More higher education institutions were set up in the 19th century, beginning with universities in Kharkiv (1805), Kyiv (1834), Odesa (1865), and Chernivtsi (1875) and a number of professional higher education institutions, e.g., the Nizhyn Historical and Philological Institute (originally established as the Gymnasium of Higher Sciences in 1805), a Veterinary Institute (1873) and a Technological Institute (1885) in Kharkiv, a Polytechnic Institute in Kyiv (1898) and a Higher Mining School (1899) in Katerynoslav.

Rapid growth followed in the Soviet period. By 1988, the number of higher education institutions had increased to 146 with over 850,000 students. Most HEIs established after 1990 are owned by private organizations.

The Constitution of Ukraine (1996), Law on Education (1996), the Law on Higher Education (2002) and the major reform legislation Law on Higher Education (2014) constitute the legal framework for Ukrainian higher education. Ukrainian legislation regulating higher education includes also more limited legislation as well as decrees and regulations of the President and the Cabinet of Ministers of Ukraine.

Because of a perceived lack of quality, 76 higher education institutions and their branches were denied licenses in 2015.
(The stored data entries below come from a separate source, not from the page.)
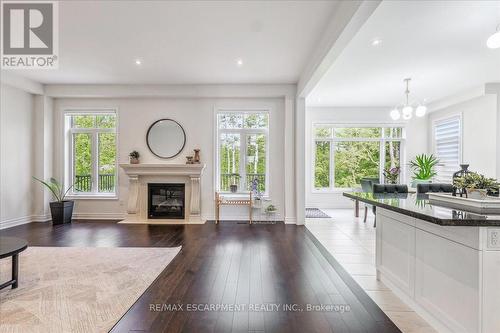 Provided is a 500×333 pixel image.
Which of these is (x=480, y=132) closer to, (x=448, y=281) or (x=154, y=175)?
(x=448, y=281)

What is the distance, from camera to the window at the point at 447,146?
665 centimetres

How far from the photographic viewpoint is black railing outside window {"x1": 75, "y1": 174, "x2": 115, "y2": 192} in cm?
620

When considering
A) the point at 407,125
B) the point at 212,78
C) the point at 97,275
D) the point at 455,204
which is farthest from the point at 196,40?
the point at 407,125

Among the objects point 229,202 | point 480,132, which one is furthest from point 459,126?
point 229,202

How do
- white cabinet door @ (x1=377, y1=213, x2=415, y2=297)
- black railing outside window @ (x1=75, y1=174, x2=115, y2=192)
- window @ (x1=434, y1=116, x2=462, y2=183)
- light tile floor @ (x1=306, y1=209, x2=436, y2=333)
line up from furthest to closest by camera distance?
window @ (x1=434, y1=116, x2=462, y2=183) → black railing outside window @ (x1=75, y1=174, x2=115, y2=192) → white cabinet door @ (x1=377, y1=213, x2=415, y2=297) → light tile floor @ (x1=306, y1=209, x2=436, y2=333)

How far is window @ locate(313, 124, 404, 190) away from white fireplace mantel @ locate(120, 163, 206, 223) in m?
3.72

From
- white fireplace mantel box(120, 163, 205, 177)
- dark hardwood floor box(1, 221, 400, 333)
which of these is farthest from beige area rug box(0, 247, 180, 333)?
white fireplace mantel box(120, 163, 205, 177)

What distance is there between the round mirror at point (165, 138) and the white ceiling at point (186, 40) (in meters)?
1.05

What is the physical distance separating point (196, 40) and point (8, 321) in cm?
371

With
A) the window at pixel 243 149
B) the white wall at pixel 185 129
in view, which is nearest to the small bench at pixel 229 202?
the white wall at pixel 185 129

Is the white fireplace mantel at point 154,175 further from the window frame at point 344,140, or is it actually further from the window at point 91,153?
the window frame at point 344,140

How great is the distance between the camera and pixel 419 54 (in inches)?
160

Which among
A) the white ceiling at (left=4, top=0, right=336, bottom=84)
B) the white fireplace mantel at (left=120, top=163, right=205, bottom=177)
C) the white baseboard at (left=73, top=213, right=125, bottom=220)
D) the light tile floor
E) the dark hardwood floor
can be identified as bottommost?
the light tile floor

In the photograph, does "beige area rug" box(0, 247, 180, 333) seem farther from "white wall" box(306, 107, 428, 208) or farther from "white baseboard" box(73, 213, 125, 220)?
"white wall" box(306, 107, 428, 208) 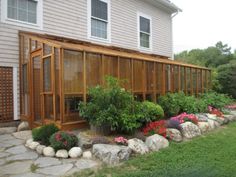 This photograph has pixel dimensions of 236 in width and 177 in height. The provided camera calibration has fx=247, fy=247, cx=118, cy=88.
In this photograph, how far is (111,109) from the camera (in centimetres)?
602

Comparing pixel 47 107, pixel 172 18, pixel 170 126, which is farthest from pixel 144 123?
pixel 172 18

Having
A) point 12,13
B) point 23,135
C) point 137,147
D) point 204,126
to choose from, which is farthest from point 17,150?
point 204,126

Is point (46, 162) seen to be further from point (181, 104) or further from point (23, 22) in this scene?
point (181, 104)

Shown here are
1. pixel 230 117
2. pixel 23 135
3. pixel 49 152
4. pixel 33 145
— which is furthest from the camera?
pixel 230 117

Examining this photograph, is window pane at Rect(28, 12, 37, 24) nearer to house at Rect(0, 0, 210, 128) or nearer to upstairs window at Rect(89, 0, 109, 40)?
house at Rect(0, 0, 210, 128)

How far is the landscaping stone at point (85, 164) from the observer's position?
4441 millimetres

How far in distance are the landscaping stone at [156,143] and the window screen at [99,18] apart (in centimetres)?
589

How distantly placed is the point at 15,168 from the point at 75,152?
1153 millimetres

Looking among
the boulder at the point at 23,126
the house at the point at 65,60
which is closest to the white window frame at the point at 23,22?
the house at the point at 65,60

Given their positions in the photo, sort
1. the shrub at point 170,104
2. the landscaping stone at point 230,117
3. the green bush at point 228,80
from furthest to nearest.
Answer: the green bush at point 228,80 < the landscaping stone at point 230,117 < the shrub at point 170,104

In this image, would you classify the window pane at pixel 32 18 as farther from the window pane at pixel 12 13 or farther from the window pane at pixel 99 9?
the window pane at pixel 99 9

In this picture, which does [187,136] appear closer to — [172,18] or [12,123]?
[12,123]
==Access and affordability==

As in most communist Eastern European states, access to education for the masses was a high priority in Soviet Ukraine, largely due to the fact that during imperial times mostly only the nobles and the wealthy had access to post-secondary institutions. Citizens of the Soviet Union had free access to secondary education and were required to complete at least a junior specialist degree, equivalent to an associate degree in the US. Moreover, the Soviet Union exercised mandatory conscription of its male population. However those studying for a degree were exempt from the draft until they had completed their studies, so men would often stay enrolled to reach master's degrees to delay their entry into the military.

After gaining independence Ukraine retained the Soviet principle of having a post secondary education system that its population could afford. In 2009, Ukraine spent 7.3% of GDP on education compared to the United States' 5.2%. Trade schools (Technikums), which are analogous to community colleges in the US and award the junior specialist degree, continued to remain freely accessible for most citizens. Students wishing to enroll in a trade schools do not need to complete the full 11 grades of school and may enroll in 9th grade. However budget constraints forced tuition charges on university programs. Students wishing to enroll in universities must complete the full secondary education curriculum. During the last year of school, they take a placement test to determine their chances of enrolling and whether or not they will have to pay tuition. Moreover, students enrolled may receive a monthly stipend which is designed to cover their living and school expenses while they are enrolled in college. In 2012 the minimum monthly stipend was ₴550 for students enrolled in Technikums and ₴730 for students enrolled in Universities. In 2016, tuition costs for higher education were averaging less than $1,000 per academic year; but corruption forced them considerably higher. Students pursuing a doctoral degree beyond Specialist or master's degree are generally treated in a similar manner to graduate students in the US where they are expected to assist the faculty and may receive pay from the university as they perform their own research.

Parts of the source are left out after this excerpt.